Apr-04-07  RookFile: The 1930's were a golden age of US chess, with a bunch of strong players.
Premium Chessgames Member
  Pawn and Two: An important 7th round game. After 6 rounds, Kashdan was leading with 5 points, Dake and Horowitz were next with 4.5, Fine, Simonson & Treysman had 4, and Kupchik, Reshevsky & Steiner 3.5, in a 16 player field of this first modern United States Chess Championship tournament.

Fine included this game in his book, "Lessons From My Games", and entitled the chapter, "I Learn The Endgame".

As the introduction to this game, Fine wrote, "In the development of the chess master, there is usually some transition point where he is forced to acquire greater skill in the endgame. While I was still merely a 'player of promise' this ability was not essential. Lesser players could, as a rule, be beaten by some tactical surprise. But as the opposition grew stronger, it was no longer so easy simply to outcombine the other fellow; many victories had to be bought inch by inch, which, of course, led to the endgame."

Fine adds, that the turning point in his own style came around the time of the United States championship in 1936.

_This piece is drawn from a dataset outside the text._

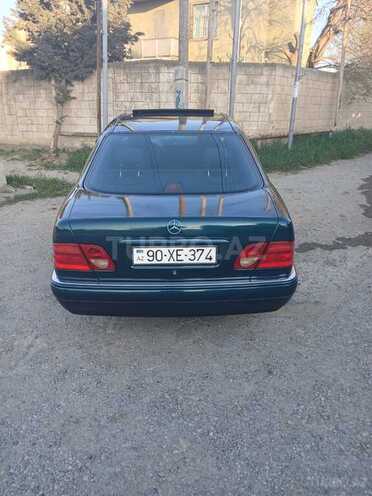Mercedes E 200 1997, 280,000 km - 2.0 l - Bakı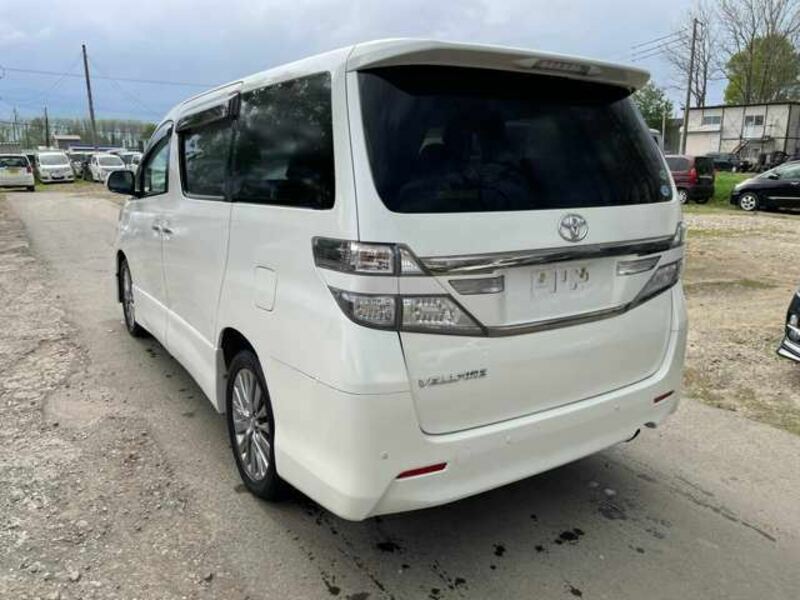 VELLFIRE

Apr-04-07  RookFile: Reshevsky was pretty far back, but he got it together of course and started putting wins up on the board to win the whole thing.
Premium Chessgames Member
  chancho: <In April of 1936, Reshevsky played in his first US Championship. His start was an indifferent win, draw, loss, loss, before he went to win nine of his next eleven games. Reshevsky came from behind to overhaul Simonson who was having the tournament of his life. Fine tied for third to begin his tale of woe at the US Championship.>

From Stephen W Gordon's book of Reshevsky's games etc.

Jan-08-22  jerseybob: Funny, as black in this same 4.Qb3 variation vs Stahlberg at Hamburg 1930, Kashdan played one of his greatest games, winning in 25 moves. Yet here he is six years later as white playing the same inferior line. Did he have an improvement in mind, or was the plan just to reach an ending and win it there?